Copy out the entries exactly, and wherever a picture appears, leave it out.
(SUPPLIED INFORMATION)
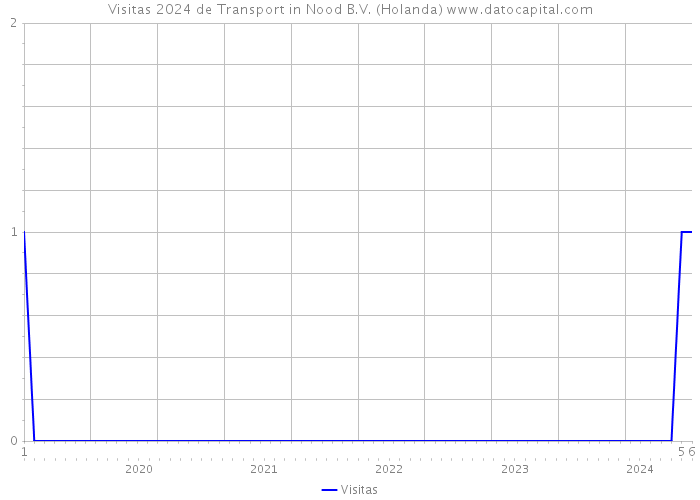 Visitas 2024 de Transport in Nood B.V. (Holanda) 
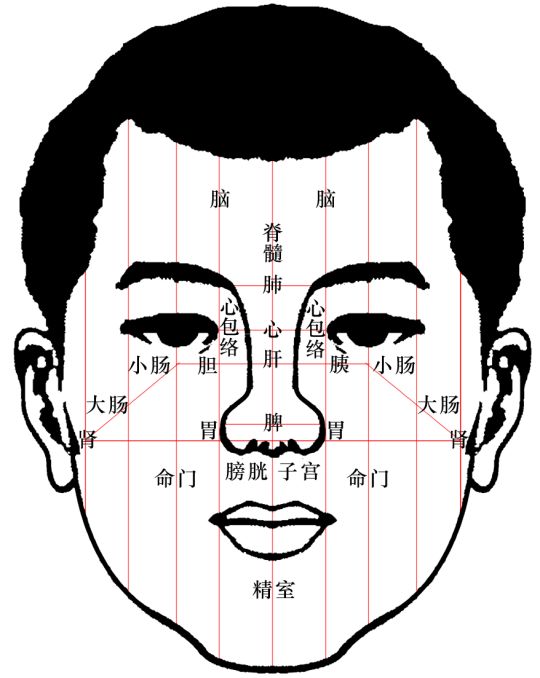 面部出现这些问题是肝癌的危险警报 常喝这两种代茶饮可预防癌症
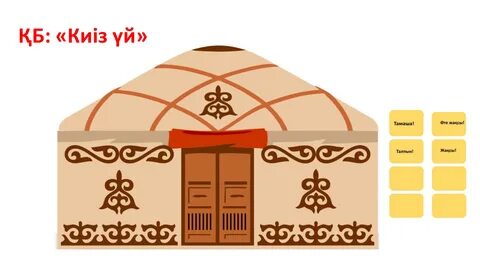 Якутияның Мирный қаласындағы телефон нөмірлері бар жезөкшелер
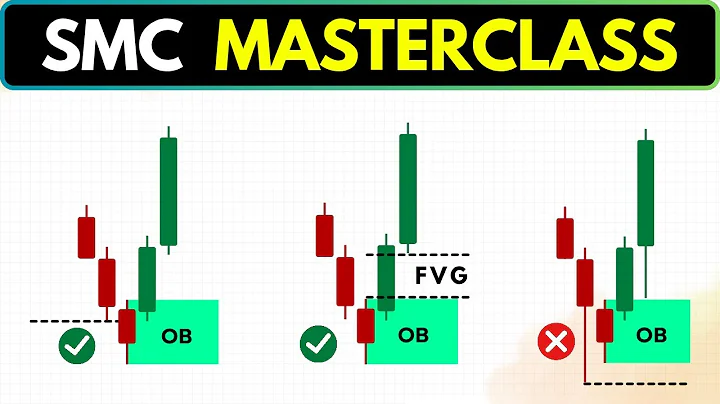 Order Block Trading Strategy | SMC MASTERCLASS | The Brain Titans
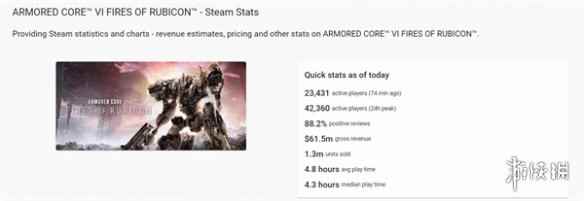《装甲核心6》steam热销130万：成FS社最畅销游戏之一
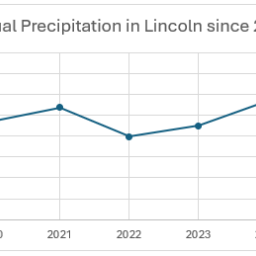 Annual Precip Since 2019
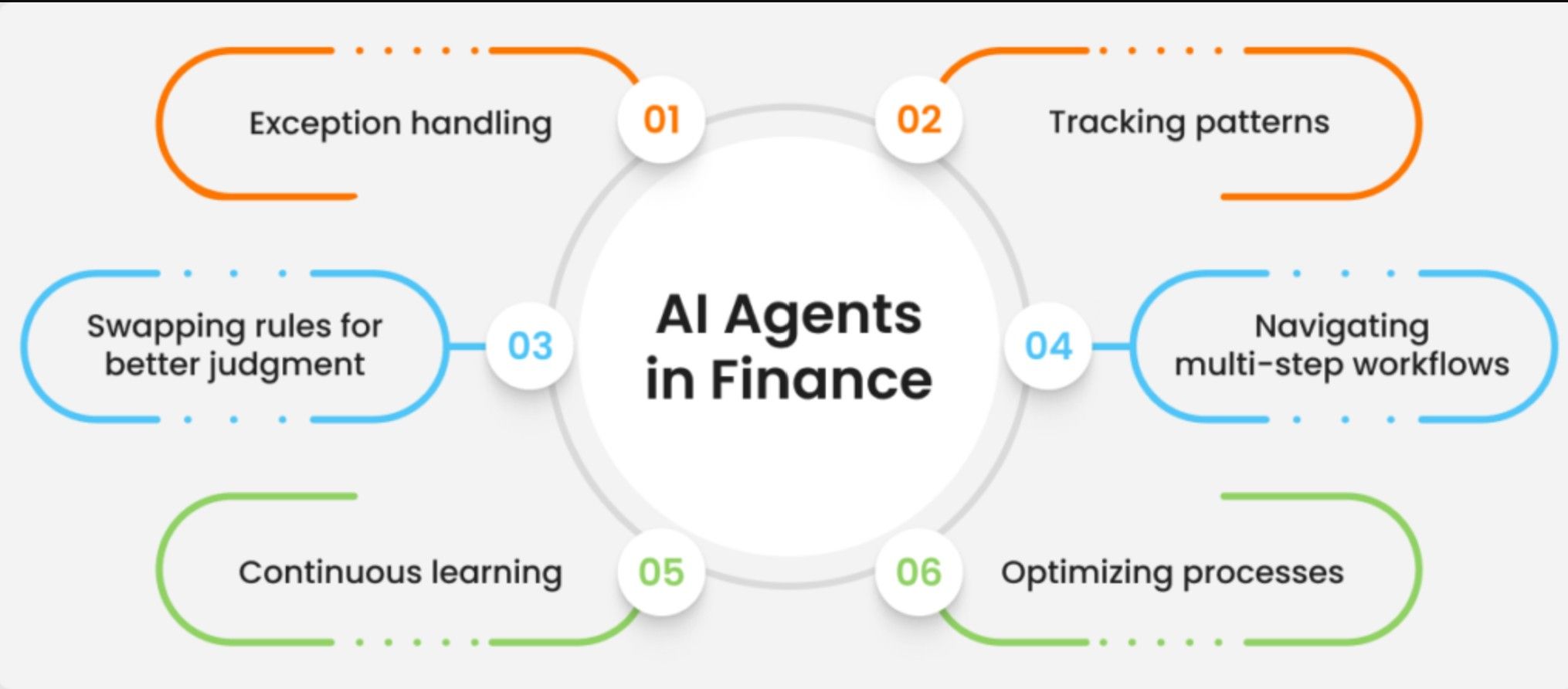 AI Agents in Finance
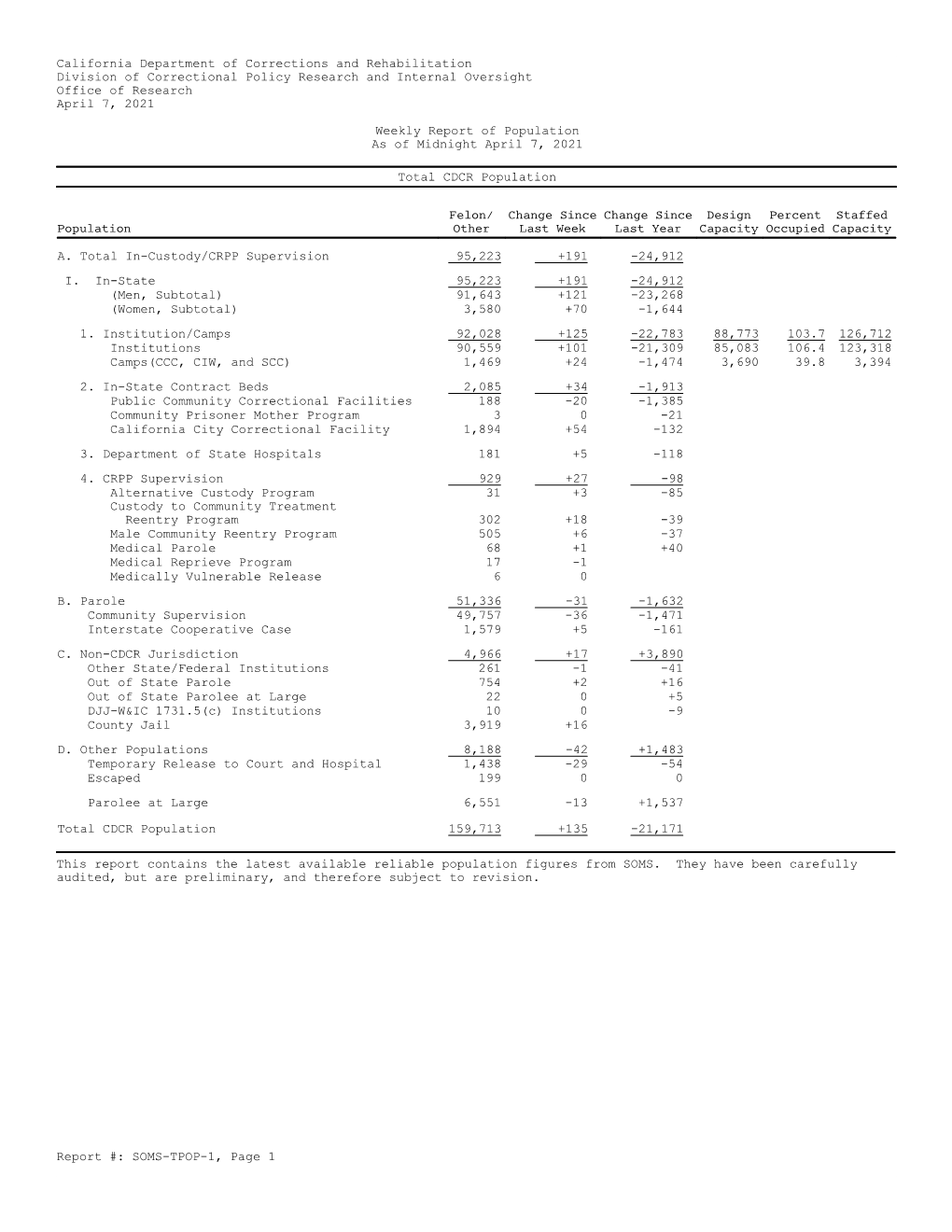 View April 07, 2021 Report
(End SUPPLIED INFORMATION)
TASK RESULT:
 Visitas 2024 de Transport in Nood B.V. (Holanda) 
 面部出现这些问题是肝癌的危险警报 常喝这两种代茶饮可预防癌症
 Якутияның Мирный қаласындағы телефон нөмірлері бар жезөкшелер
 Order Block Trading Strategy | SMC MASTERCLASS | The Brain Titans
《装甲核心6》steam热销130万：成FS社最畅销游戏之一
 Annual Precip Since 2019
 AI Agents in Finance
 View April 07, 2021 Report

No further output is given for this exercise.